**WORK REQUEST:**
In the entries below, find the line with "Invitation de partie" and the line with "10款趣味手绘卡通拉面薯条汉堡餐饮系列AI矢量插画贴纸插图套装Green Psychedelic Food". Repeat exactly everything between them, those two lines included, but not the pictures.
────────────────────
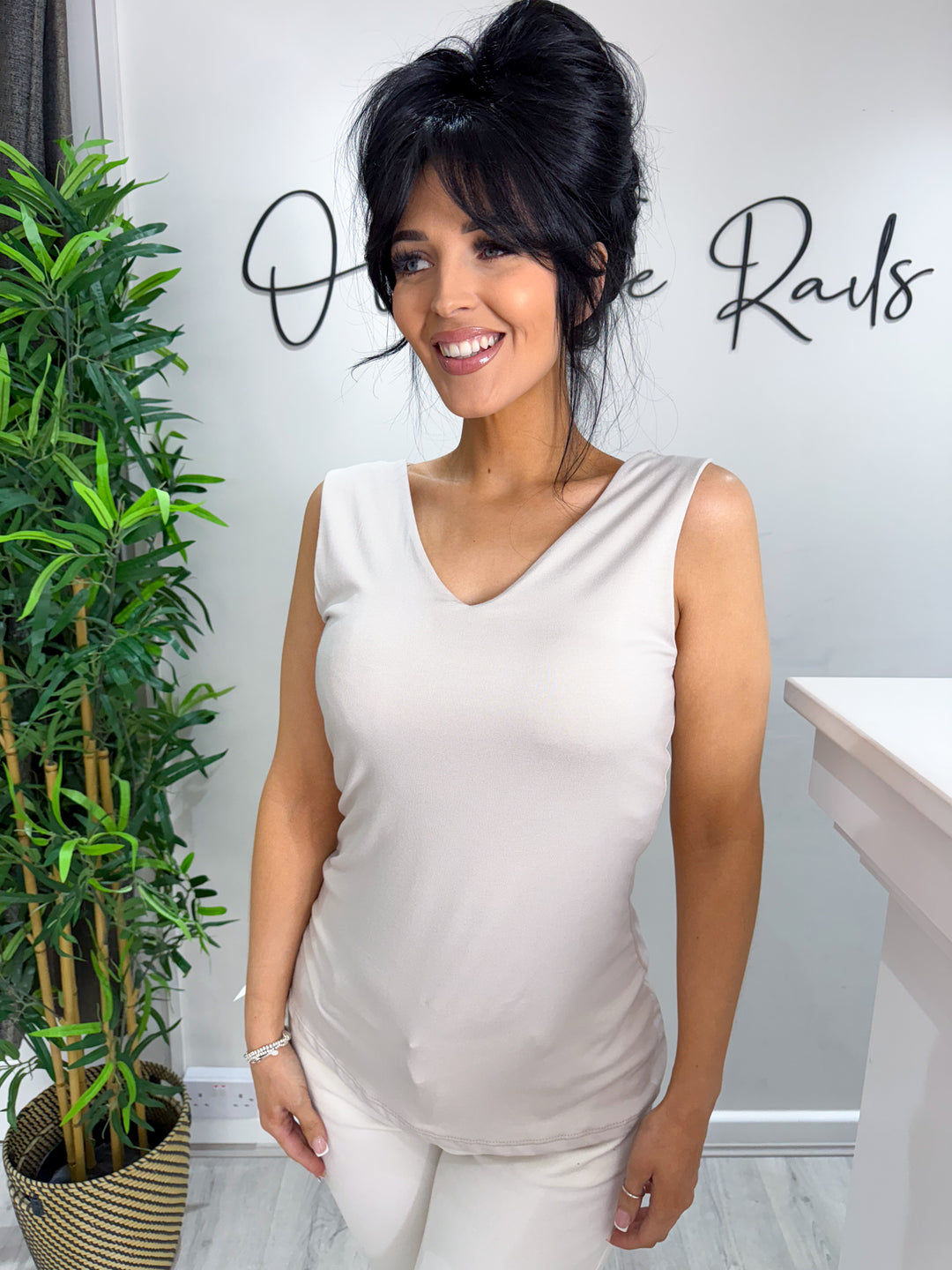V Neck Double Layered Vest - Beige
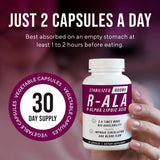 NERVE RENEW R-ALA 600mg: información nutricional y advertencias en la parte trasera.
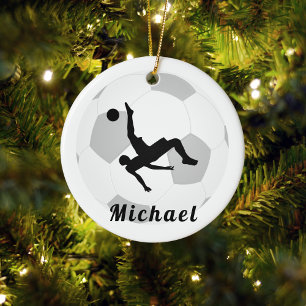 Fotbollsspelare Goalie Keeper Black & White Player Julgransprydnad Keramik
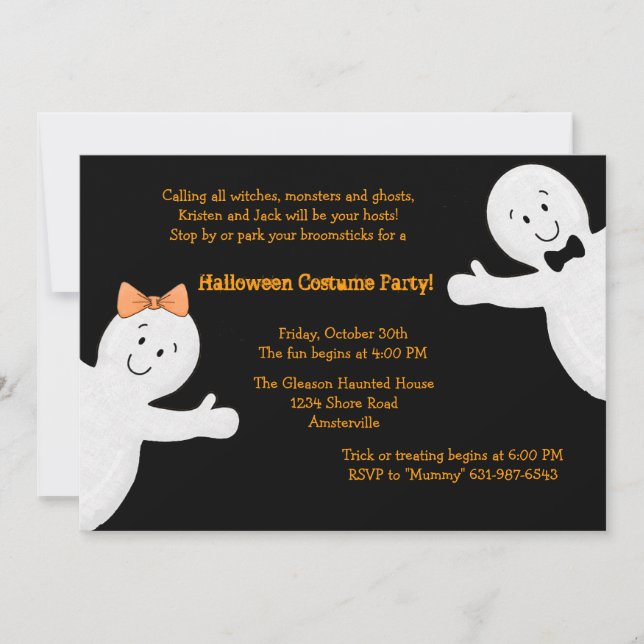 Invitation de partie de Halloween d'enfants de (Devant)
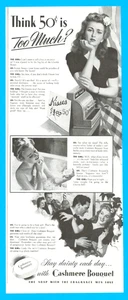 Ramo de cachemir jabón de baño cosméticos cabina de besos niña anuncio impreso 1943 - Imagen 1 de 3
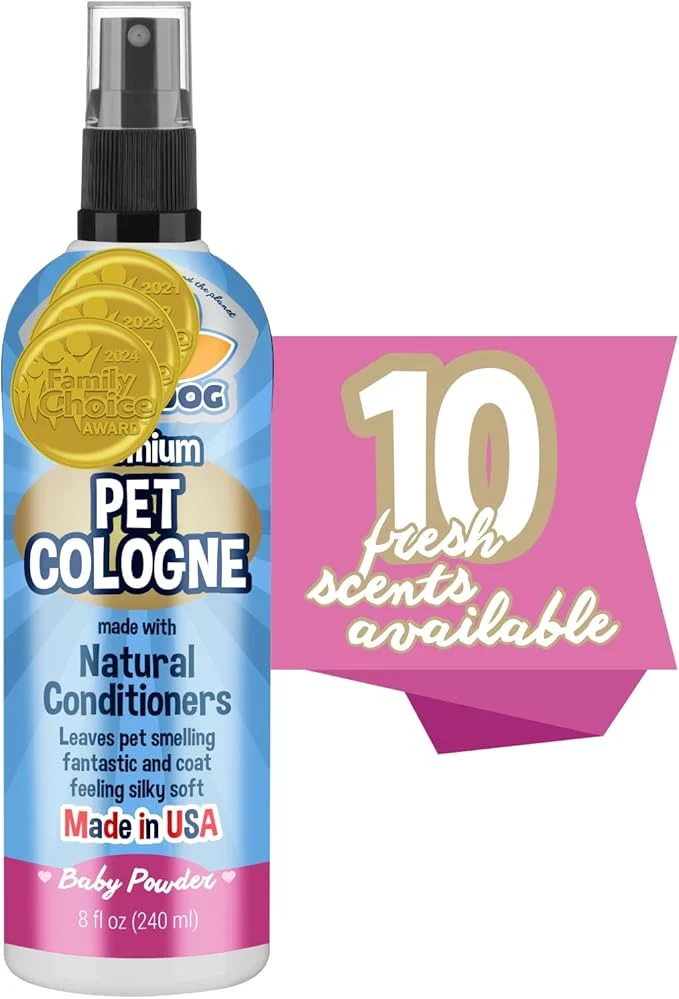 World-Class Bodhi Dog Natural Dog Cologne Baby Powder - Premium Scented Deodorizing Pet Perfume with Conditioner for Dogs Cats - Keeps Pets Fresh Clean - Gentle and Safe Formula Made in USA 8 Fl Oz About ThisOverview Carefully Designed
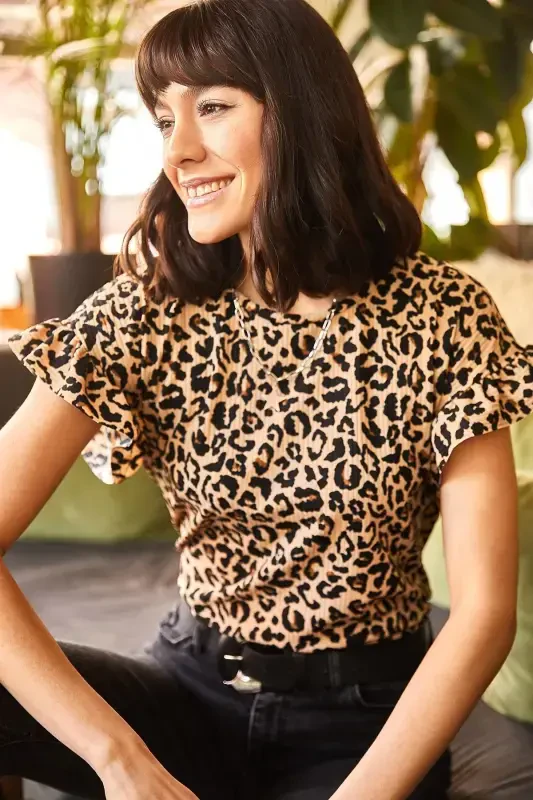 Women's Mink Leopard Ruffle Sleeve Bustier T-Shirt T - 3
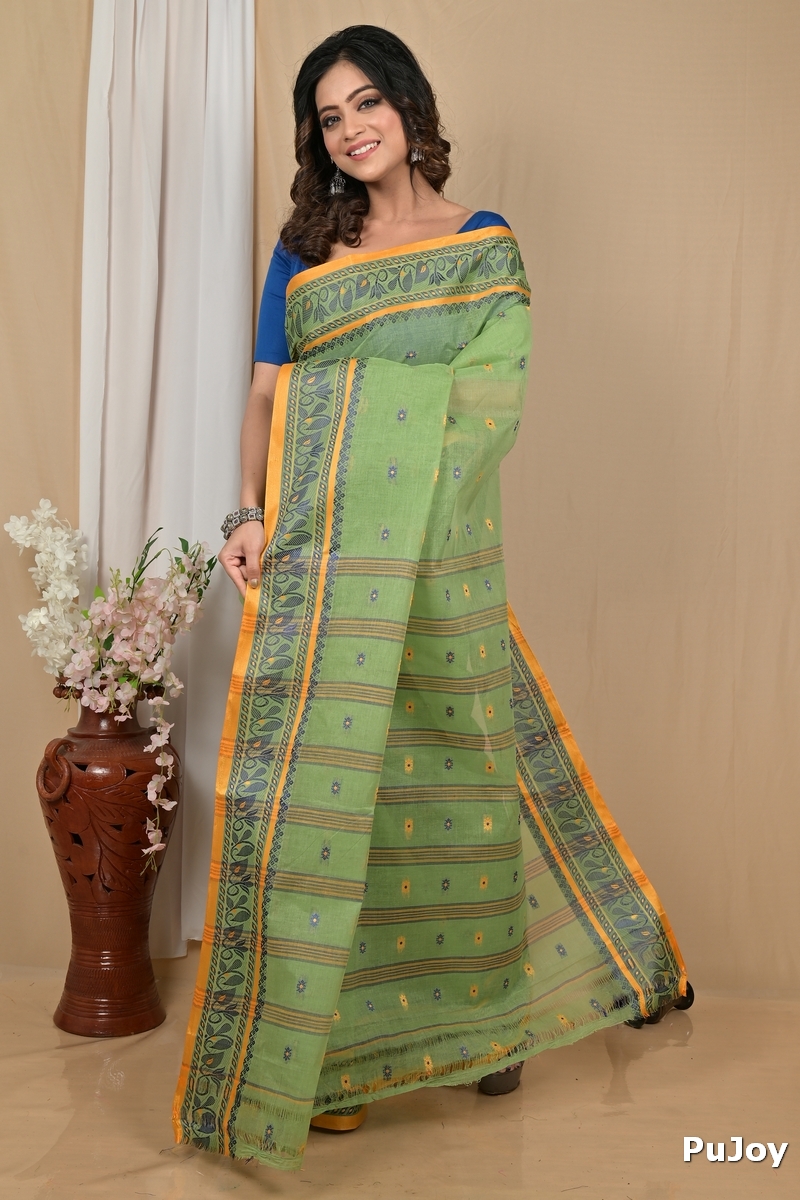 Pesta Green Pure Cotton Achlin Tant Saree (2184)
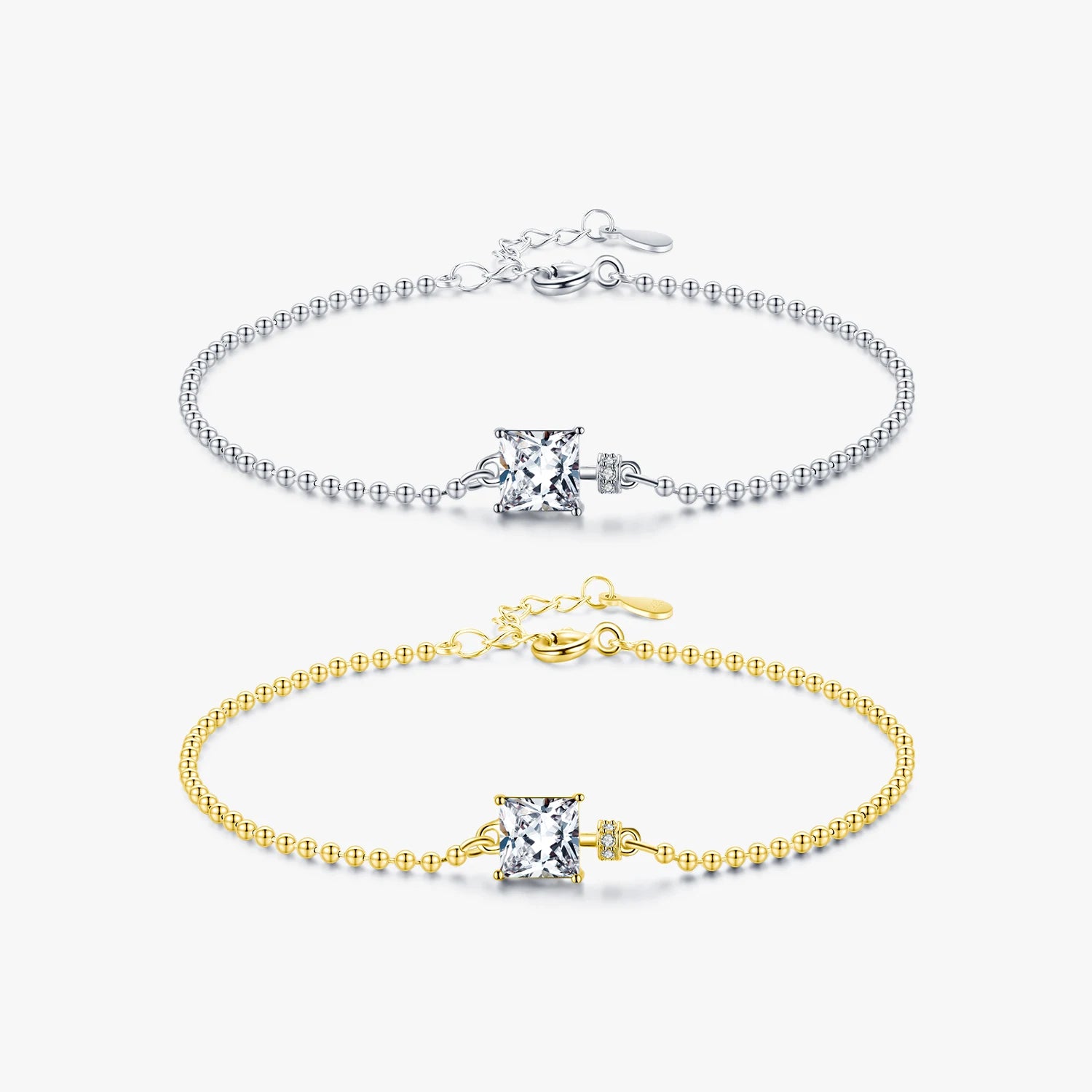 Classic Square Clear CZ Bracelets Solid 925 Sterling Silver Charm Beads Chain Bracelet for Women Wedding Fine Jewelry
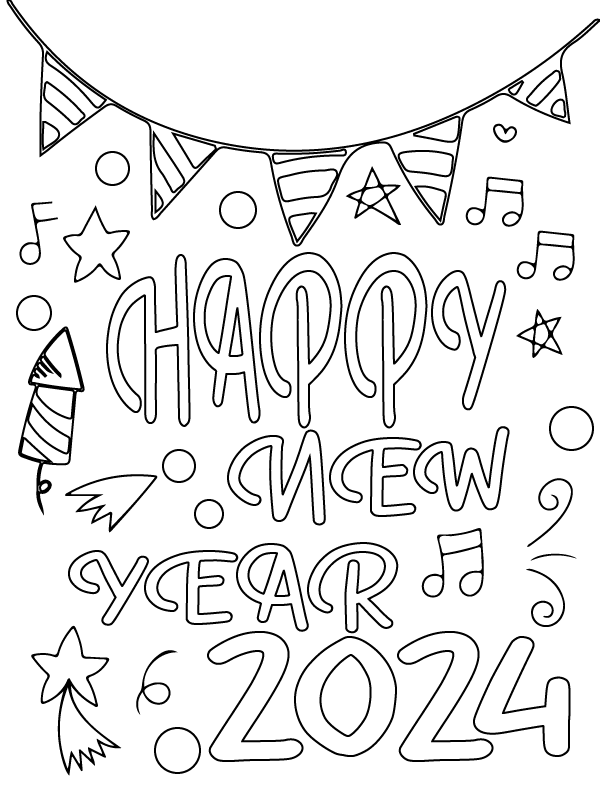 Dibujo de 2024 Celebration Free Coloring Page para Colorear y Imprimir
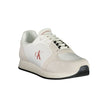 White Leather Men SneakerElevate your street style with the crisp sophistication of these Calvin Klein sneakers. Boasting a sleek white palette with bold, contrasting details, these kicks are engineered for the modern urbanite. The removable insole ensure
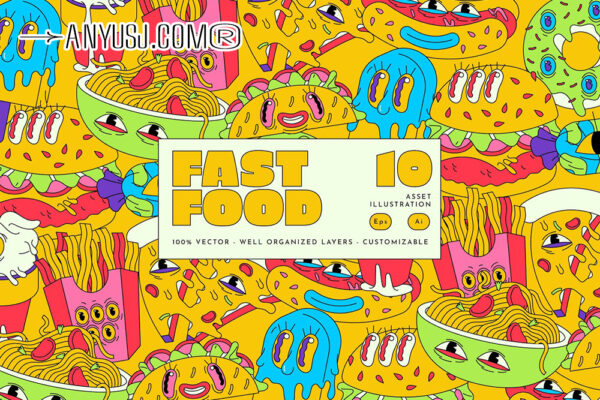 10款趣味手绘卡通拉面薯条汉堡餐饮系列AI矢量插画贴纸插图套装Green Psychedelic Food Illustration Set-第6500期-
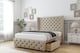 image 3 of Sloomy Luthor Almond Coniston Divan Bed With Mattress No Drawers With 54" Wingback Headboard & 12" Matching Footboard 5' King | Cream | Almond | King | 1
────────────────────
**RESPONSE BOX:**
 Invitation de partie de Halloween d'enfants de (Devant)
 Ramo de cachemir jabón de baño cosméticos cabina de besos niña anuncio impreso 1943 - Imagen 1 de 3
 World-Class Bodhi Dog Natural Dog Cologne Baby Powder - Premium Scented Deodorizing Pet Perfume with Conditioner for Dogs Cats - Keeps Pets Fresh Clean - Gentle and Safe Formula Made in USA 8 Fl Oz About ThisOverview Carefully Designed
 Women's Mink Leopard Ruffle Sleeve Bustier T-Shirt T - 3
 Pesta Green Pure Cotton Achlin Tant Saree (2184)
 Classic Square Clear CZ Bracelets Solid 925 Sterling Silver Charm Beads Chain Bracelet for Women Wedding Fine Jewelry
 Dibujo de 2024 Celebration Free Coloring Page para Colorear y Imprimir
 White Leather Men SneakerElevate your street style with the crisp sophistication of these Calvin Klein sneakers. Boasting a sleek white palette with bold, contrasting details, these kicks are engineered for the modern urbanite. The removable insole ensure
 10款趣味手绘卡通拉面薯条汉堡餐饮系列AI矢量插画贴纸插图套装Green Psychedelic Food Illustration Set-第6500期-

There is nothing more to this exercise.